Published by

Residents Pick up on New Directional Signs in Brooklyn

Email a Friend

Out-of-towners in Downtown Brooklyn can now use 78 new directional signs to keep from getting lost in the borough. The signs are complete with colorful maps, points of interest and quotes paying homage to Brooklyn residents. The last one was installed a few weeks ago.

“Any world-class city has a good way-finding system and many of us think of Brooklyn as a world-class...borough,” said Michael Weiss, the executive director of the MetroTech Business Improvement District (BID), which has been working for ten years on the $1.3 million signage project.

The signs are actually designated kiosks and directionals. Near the Jay St. MetroTech Station, there's also an information booth equipped with “ambassadors" to help get people headed in the right direction.

One recent afternoon, a handful of passersby grabbed paper maps and TKTS fliers from the front of the booth, and stopped to ask for directions.

“There are a lot of tourists and first-timers to Brooklyn,” said Ambassador Kuran Perry-Ali. “We make their experience more inviting.”

On average, 125 people stop to make inquiries at the booth each day, according to Weiss. One of them was Brighton Beach resident James McFadden, who picked up a pamphlet from the kiosk.

“They’re very helpful,” he said.

And yet although the signs are obvious to some — there are at least three kiosks installed on a two-way stretch of Jay Street — many people said they hadn't seen the new signs in Downtown Brooklyn.

In Brooklyn Heights, however, residents have been more perceptive — and critical.

Six signs in the neighborhood bear a quote by Truman Capote: “I live in Brooklyn. By Choice.” The opening phrase of Capote’s 1959 essay “A House in the Heights” has been cited by some as depicting the borough as a place residents were forced to live in.
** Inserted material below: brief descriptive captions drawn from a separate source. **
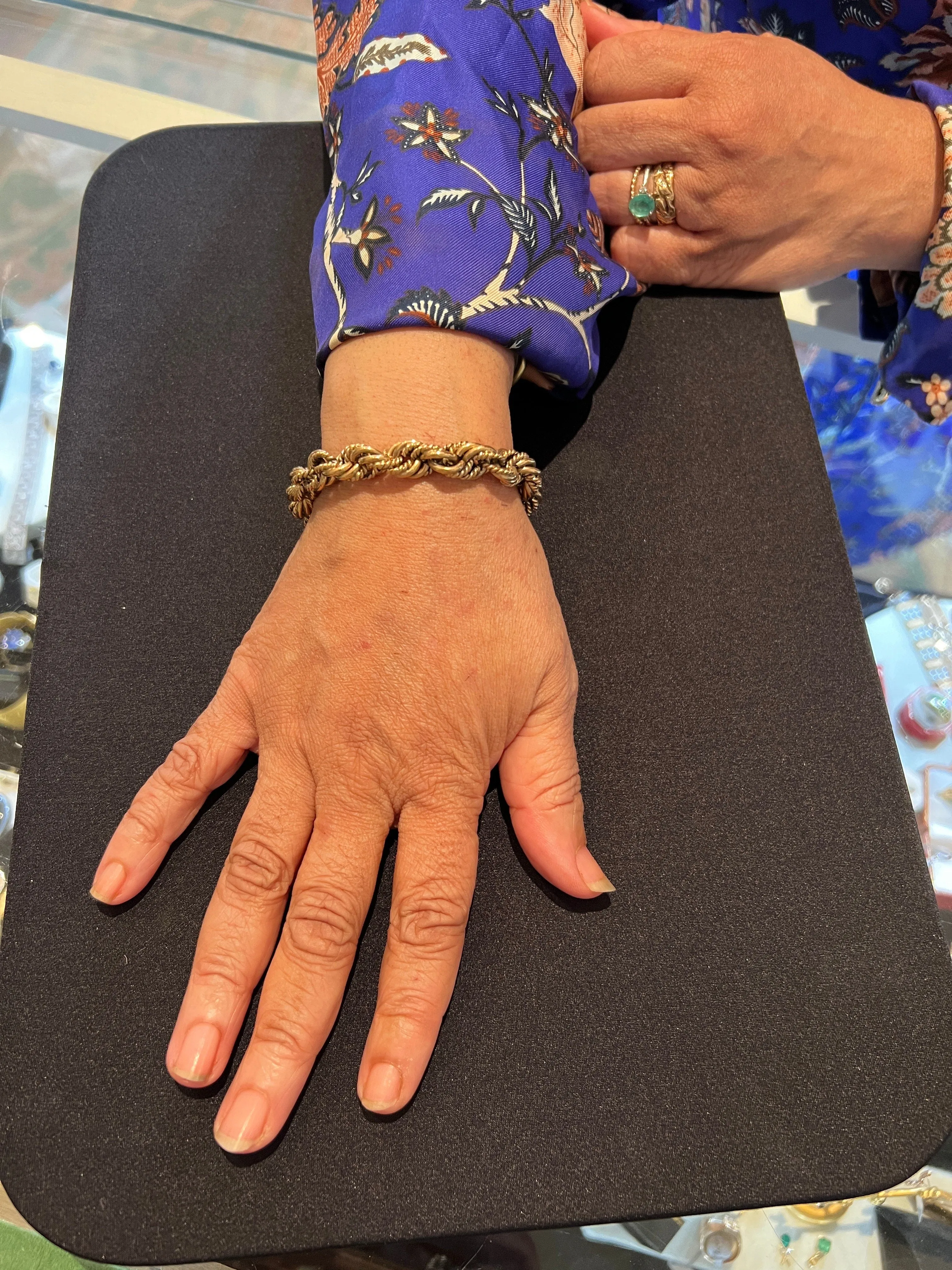 Wide 10K Yellow Gold Rope Bracelet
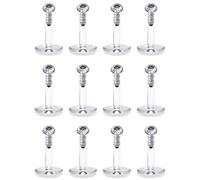 SCERRING 16G Lip Rings 2mm CZ Internally Threaded Labret Monroe Lip Ring Tragus Rook Helix Earring Stud Piercing Jewelry Retainer Clear Acrylic Bioflex Bar Length 6-10mm 12-36PCS, 6 millimeters, Metal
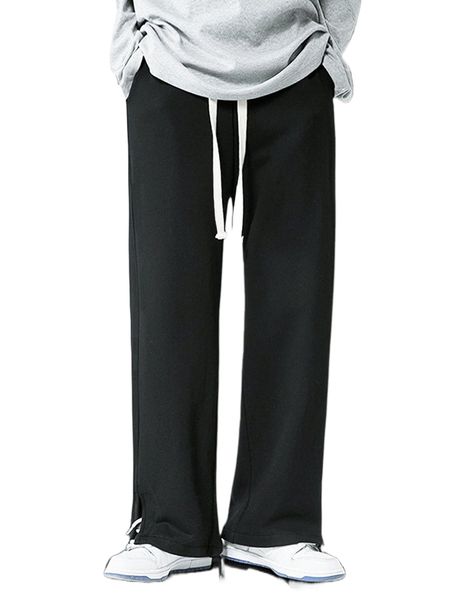 men split hem drawstring waist sweatpants t8rv#, Black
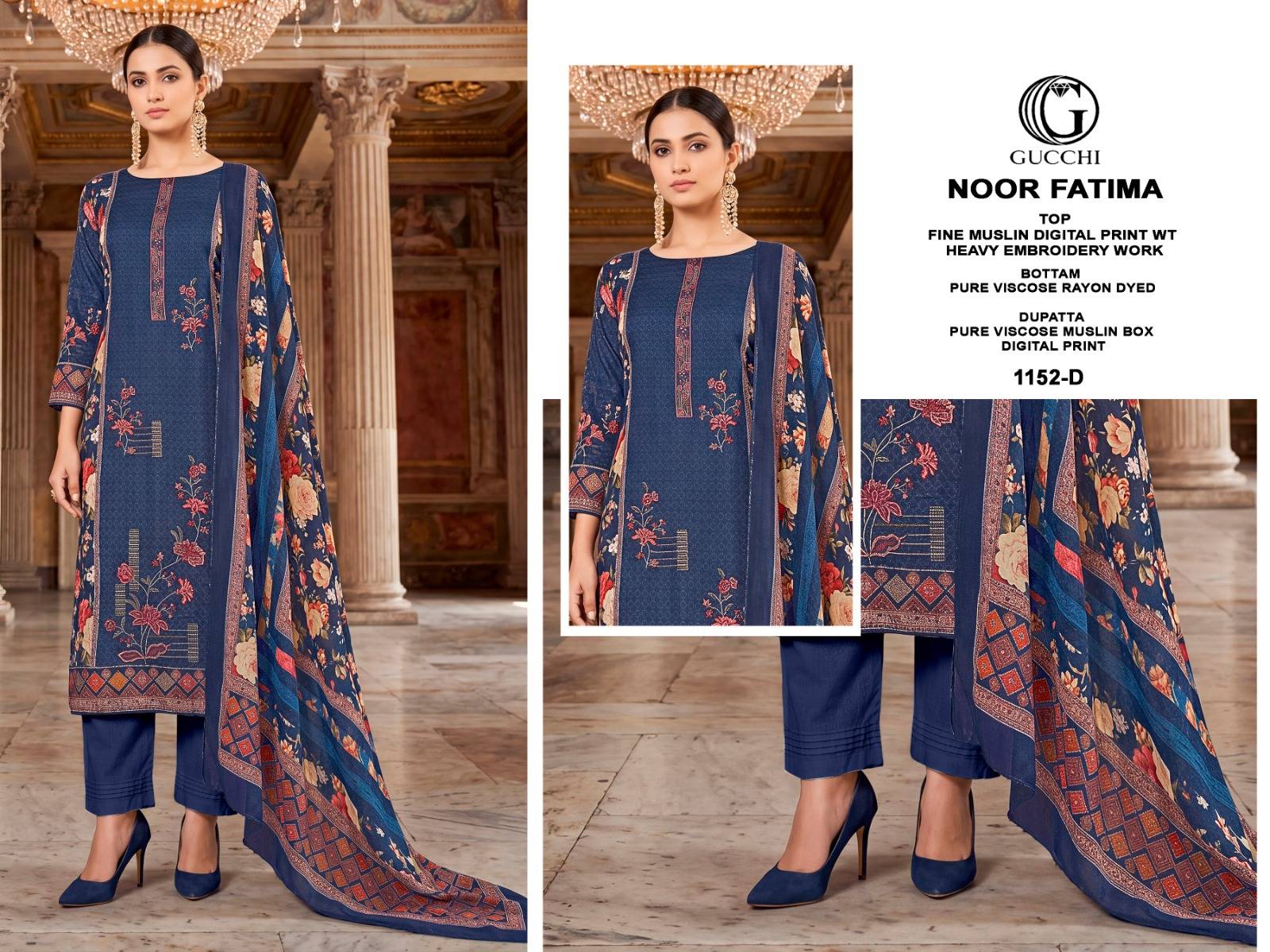 NOOR FATIMA 1152 BY GUCCHI Stylish Beautiful Colourful Pure Viscose Muslin Dresses At Wholesale Price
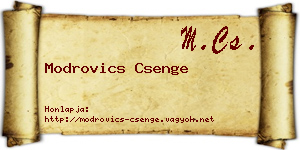 Modrovics Csenge névjegykártya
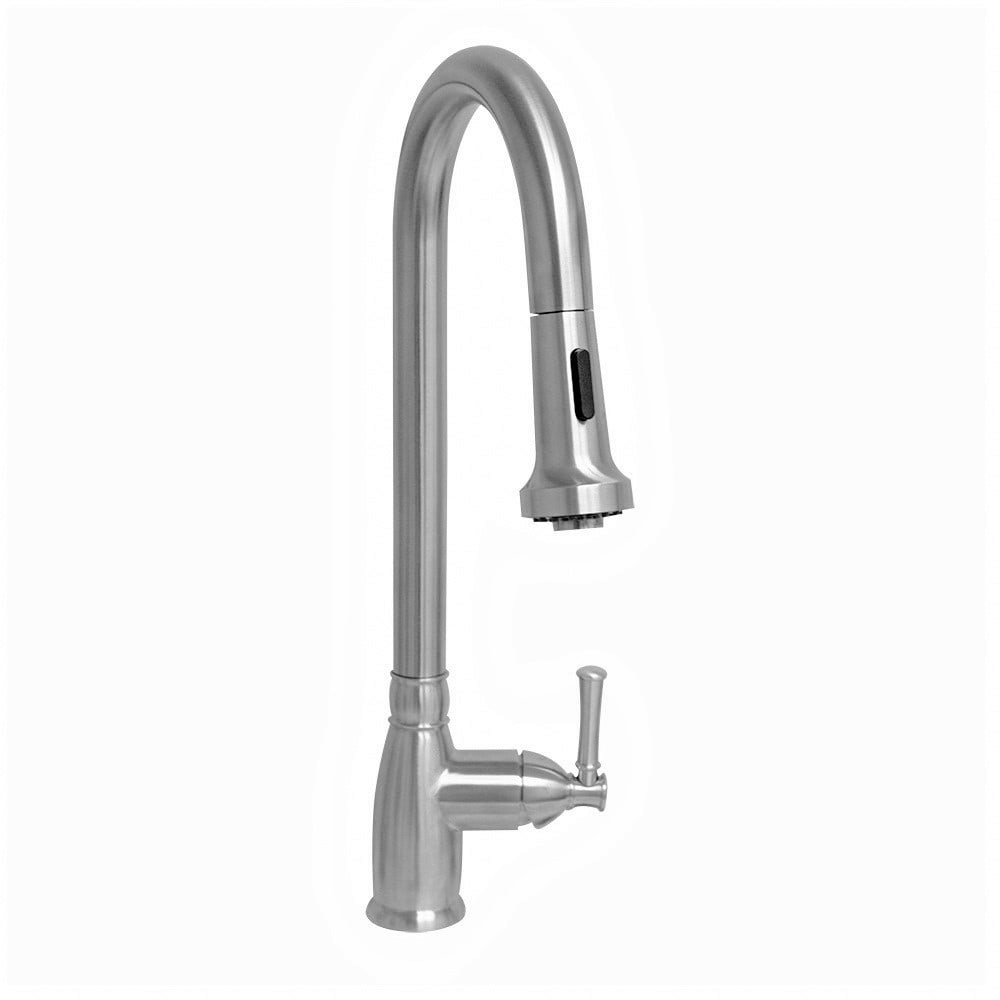 Whitehaus, Whitehaus WHS6800-PDK-BSS Waterhaus Single-Hole Faucet with Gooseneck Swivel Spout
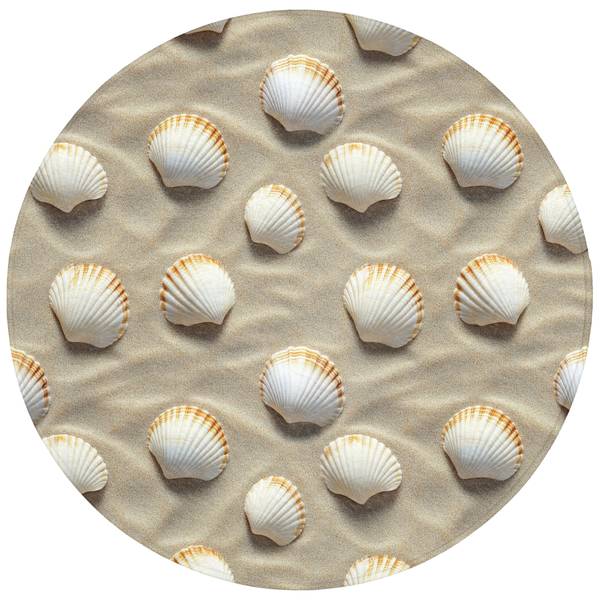 BADEMATTE Muscheln Braun - Microfaser - 70 x 70 x 1 cm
Capote once lived at 70 Willow Street in Brooklyn Heights.

Still, Weiss said he was optimistic about how the new signs would be perceived in the borough.

“We’ve received many comments about the signs," said Weiss. "And except for this one...people are very pleased with the design."

He added that signs up around MetroTech featuring a quote by the poet Walt Whitman, who called Brooklyn home for nearly three decades — he lived at 99 Ryerson St. in Clinton Hills and "Leaves of Grass" was published in Brooklyn Heights — have garnered no such a reaction. They read: "Brooklyn of ample hills was mine,” a line from his poem "Crossing Brooklyn Ferry."

Signs in Fort Greene feature this line by Spike Lee, whose 40 Acres & A Mule Filmworks production company is still based in the neighborhood: "You have neighborhoods in Brooklyn, you know? You don't really have them to the same degree in Manhattan."

Before the signs were approved, roughly 30 Downtown Brooklyn groups and civic associations weighed in, as did the Brooklyn Community Board 2 and members of the City Review Process, which is comprised of the Department of Transportation, the Landmarks Commission and the Public Design Commission.


The information booth outside of the Jay St-MetroTech Station. (Erica Getto)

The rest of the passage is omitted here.